Published by New York State Law Reporting Bureau pursuant to Judiciary Law § 431.
This opinion is uncorrected and subject to revision before publication in the Official Reports.
MARK C. DILLON, J.P., THOMAS A. DICKERSON, PLUMMER E. LOTT and LEONARD B. AUSTIN, JJ.
(Index No. 16234/07)
DECISION & ORDER
ORDERED that the order is affirmed, with costs.
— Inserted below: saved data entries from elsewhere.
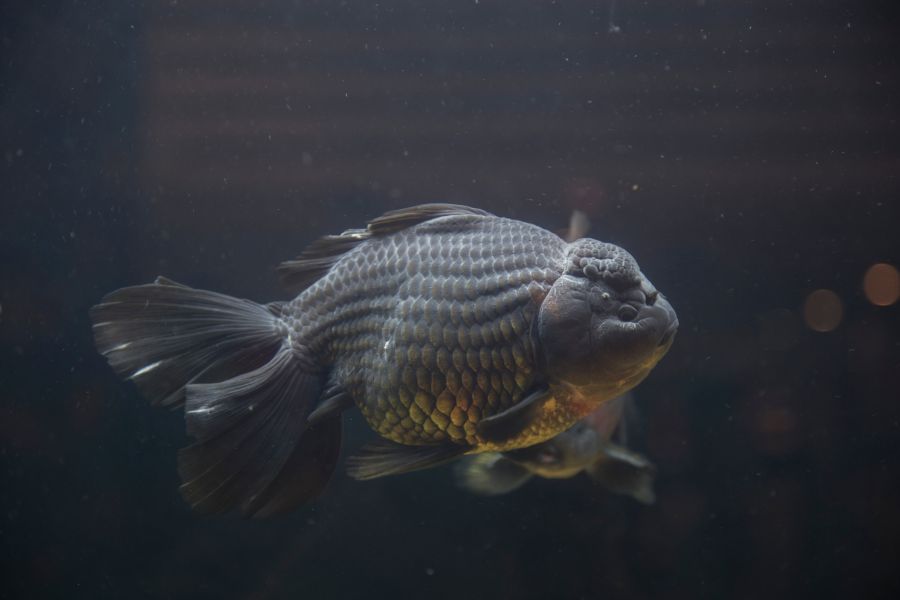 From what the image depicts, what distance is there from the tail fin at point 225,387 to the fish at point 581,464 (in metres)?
1.13

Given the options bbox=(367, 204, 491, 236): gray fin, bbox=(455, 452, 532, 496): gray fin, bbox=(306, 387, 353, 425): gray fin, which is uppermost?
bbox=(367, 204, 491, 236): gray fin

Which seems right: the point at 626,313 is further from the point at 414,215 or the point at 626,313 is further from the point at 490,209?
the point at 490,209

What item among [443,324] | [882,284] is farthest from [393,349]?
[882,284]

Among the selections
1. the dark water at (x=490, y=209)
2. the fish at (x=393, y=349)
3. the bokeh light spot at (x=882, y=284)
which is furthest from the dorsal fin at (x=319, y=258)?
the bokeh light spot at (x=882, y=284)

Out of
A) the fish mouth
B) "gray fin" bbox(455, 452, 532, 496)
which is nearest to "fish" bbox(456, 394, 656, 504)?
"gray fin" bbox(455, 452, 532, 496)

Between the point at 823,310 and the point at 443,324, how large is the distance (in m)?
3.36

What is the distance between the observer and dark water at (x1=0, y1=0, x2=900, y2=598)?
3998 mm

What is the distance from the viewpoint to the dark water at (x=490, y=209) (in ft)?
13.1

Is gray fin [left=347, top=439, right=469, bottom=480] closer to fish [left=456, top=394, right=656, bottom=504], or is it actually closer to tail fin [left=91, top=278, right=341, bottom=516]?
tail fin [left=91, top=278, right=341, bottom=516]

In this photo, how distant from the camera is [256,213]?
409 centimetres

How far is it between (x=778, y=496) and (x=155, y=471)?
169 inches

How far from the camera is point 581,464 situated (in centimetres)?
327

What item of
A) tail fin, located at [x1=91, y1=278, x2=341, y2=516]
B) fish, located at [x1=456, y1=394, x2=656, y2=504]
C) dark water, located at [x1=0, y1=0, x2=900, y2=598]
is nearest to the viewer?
tail fin, located at [x1=91, y1=278, x2=341, y2=516]

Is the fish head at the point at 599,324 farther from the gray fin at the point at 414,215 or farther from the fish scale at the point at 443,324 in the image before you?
the gray fin at the point at 414,215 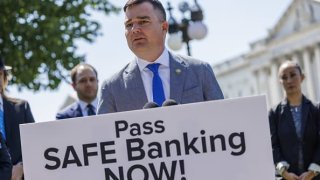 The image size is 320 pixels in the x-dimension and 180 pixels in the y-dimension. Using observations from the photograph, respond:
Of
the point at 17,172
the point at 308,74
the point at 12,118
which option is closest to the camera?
the point at 17,172

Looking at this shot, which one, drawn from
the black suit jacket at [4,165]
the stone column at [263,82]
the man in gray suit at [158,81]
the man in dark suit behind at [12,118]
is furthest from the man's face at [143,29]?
the stone column at [263,82]

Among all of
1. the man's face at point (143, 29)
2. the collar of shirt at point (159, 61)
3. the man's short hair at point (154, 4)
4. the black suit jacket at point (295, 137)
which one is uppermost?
the man's short hair at point (154, 4)

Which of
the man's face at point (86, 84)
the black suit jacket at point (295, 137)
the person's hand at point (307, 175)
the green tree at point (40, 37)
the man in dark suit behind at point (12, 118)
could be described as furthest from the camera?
the green tree at point (40, 37)

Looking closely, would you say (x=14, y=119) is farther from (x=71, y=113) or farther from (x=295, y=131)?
(x=295, y=131)

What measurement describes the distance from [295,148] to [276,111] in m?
0.42

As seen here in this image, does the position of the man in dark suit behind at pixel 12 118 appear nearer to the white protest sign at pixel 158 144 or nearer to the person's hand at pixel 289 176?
the person's hand at pixel 289 176

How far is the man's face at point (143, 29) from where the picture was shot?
4.21 meters

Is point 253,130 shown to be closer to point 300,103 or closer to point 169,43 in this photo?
point 300,103

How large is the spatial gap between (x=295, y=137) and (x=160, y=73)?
402cm

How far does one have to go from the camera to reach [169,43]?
19.4 meters

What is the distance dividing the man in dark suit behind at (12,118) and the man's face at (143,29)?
224 centimetres

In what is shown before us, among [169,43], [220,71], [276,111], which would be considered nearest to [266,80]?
[220,71]

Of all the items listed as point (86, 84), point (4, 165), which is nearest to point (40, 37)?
point (86, 84)

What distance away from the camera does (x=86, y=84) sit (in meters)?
8.73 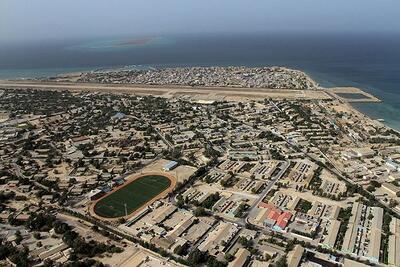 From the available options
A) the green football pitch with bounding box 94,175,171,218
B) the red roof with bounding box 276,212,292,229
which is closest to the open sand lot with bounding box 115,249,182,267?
the green football pitch with bounding box 94,175,171,218

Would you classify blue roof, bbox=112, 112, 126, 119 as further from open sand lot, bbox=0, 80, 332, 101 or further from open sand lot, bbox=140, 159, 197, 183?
open sand lot, bbox=140, 159, 197, 183

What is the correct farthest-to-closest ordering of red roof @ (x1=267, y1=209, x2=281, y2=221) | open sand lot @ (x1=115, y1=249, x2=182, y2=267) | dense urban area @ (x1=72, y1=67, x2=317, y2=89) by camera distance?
1. dense urban area @ (x1=72, y1=67, x2=317, y2=89)
2. red roof @ (x1=267, y1=209, x2=281, y2=221)
3. open sand lot @ (x1=115, y1=249, x2=182, y2=267)

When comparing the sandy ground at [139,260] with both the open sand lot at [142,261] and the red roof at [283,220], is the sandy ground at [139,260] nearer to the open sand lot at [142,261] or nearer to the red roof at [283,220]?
the open sand lot at [142,261]

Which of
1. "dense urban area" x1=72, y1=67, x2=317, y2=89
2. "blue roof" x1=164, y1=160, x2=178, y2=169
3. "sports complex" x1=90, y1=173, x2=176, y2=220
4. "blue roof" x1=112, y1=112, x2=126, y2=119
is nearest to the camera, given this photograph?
"sports complex" x1=90, y1=173, x2=176, y2=220

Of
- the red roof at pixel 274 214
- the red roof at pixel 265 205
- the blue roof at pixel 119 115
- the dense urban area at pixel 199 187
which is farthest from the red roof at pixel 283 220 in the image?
the blue roof at pixel 119 115

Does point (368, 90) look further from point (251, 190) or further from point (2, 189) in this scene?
point (2, 189)

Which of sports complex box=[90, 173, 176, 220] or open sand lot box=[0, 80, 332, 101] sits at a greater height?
open sand lot box=[0, 80, 332, 101]

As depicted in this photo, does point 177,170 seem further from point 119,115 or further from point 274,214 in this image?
point 119,115

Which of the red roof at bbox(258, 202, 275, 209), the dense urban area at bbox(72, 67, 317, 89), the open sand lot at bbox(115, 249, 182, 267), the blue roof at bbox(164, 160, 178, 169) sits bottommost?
the open sand lot at bbox(115, 249, 182, 267)

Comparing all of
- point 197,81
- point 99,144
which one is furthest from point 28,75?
point 99,144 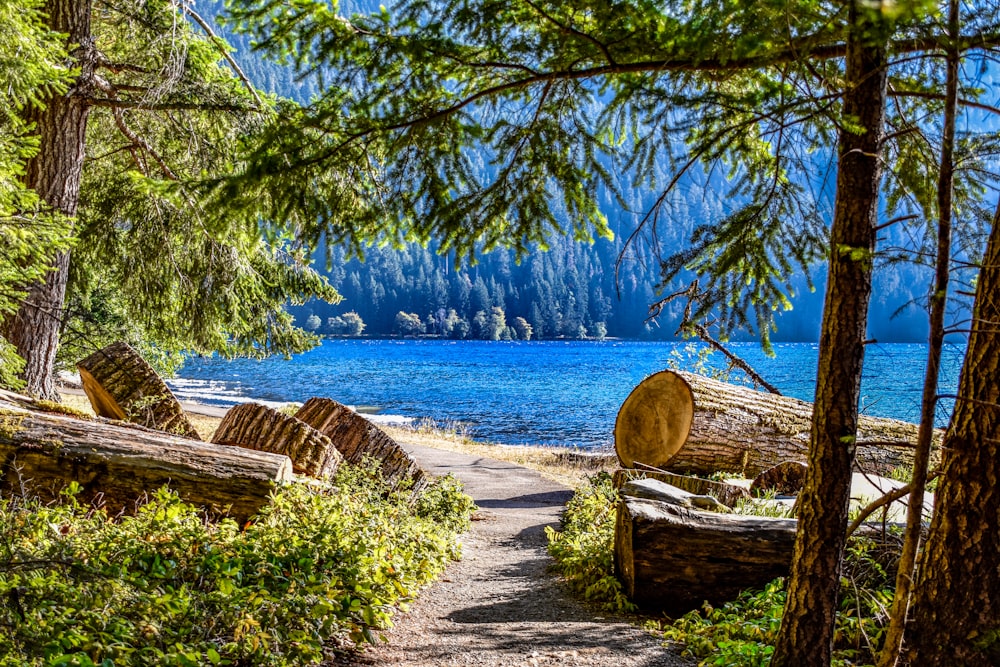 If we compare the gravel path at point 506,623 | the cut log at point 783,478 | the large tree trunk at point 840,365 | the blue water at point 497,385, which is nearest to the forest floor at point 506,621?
the gravel path at point 506,623

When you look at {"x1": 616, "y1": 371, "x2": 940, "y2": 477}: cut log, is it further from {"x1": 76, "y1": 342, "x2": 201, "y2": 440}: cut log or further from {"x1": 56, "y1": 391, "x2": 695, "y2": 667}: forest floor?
{"x1": 76, "y1": 342, "x2": 201, "y2": 440}: cut log

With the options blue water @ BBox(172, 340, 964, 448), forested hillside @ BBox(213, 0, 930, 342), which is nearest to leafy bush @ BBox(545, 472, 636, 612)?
blue water @ BBox(172, 340, 964, 448)

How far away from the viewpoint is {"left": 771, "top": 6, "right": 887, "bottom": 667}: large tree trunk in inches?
126

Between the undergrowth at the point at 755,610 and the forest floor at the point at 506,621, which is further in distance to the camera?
the forest floor at the point at 506,621

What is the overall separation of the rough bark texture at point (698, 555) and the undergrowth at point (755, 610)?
14cm

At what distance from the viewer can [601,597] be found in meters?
5.63

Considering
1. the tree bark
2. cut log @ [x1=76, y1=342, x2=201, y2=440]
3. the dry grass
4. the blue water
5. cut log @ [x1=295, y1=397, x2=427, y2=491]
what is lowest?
the blue water

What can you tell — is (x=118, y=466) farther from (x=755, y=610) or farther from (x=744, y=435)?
(x=744, y=435)

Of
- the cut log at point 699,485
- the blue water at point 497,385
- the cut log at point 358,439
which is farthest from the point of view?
the blue water at point 497,385

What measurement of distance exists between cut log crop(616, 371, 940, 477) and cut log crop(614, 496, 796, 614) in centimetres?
452

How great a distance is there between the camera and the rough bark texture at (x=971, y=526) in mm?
3250

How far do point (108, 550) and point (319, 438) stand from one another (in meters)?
3.43

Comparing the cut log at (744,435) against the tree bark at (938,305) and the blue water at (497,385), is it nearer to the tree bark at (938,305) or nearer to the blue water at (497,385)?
the blue water at (497,385)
The defendant Citibank, N.A. (hereinafter Citibank), leased premises at 925 Hempstead Turnpike, Franklin Square, in Nassau County, from nonparty American Real Estate Holdings Limited Partnership. The defendant Citigroup, Inc. (hereinafter Citigroup), is the parent corporation of Citibank. The lease expired on August 31, 2004, and Citibank surrendered the premises. American Real Estate thereafter conveyed the premises to the plaintiff, Lighthouse 925 Hempstead, LLC (hereinafter Lighthouse). Lighthouse has since conveyed it to another entity.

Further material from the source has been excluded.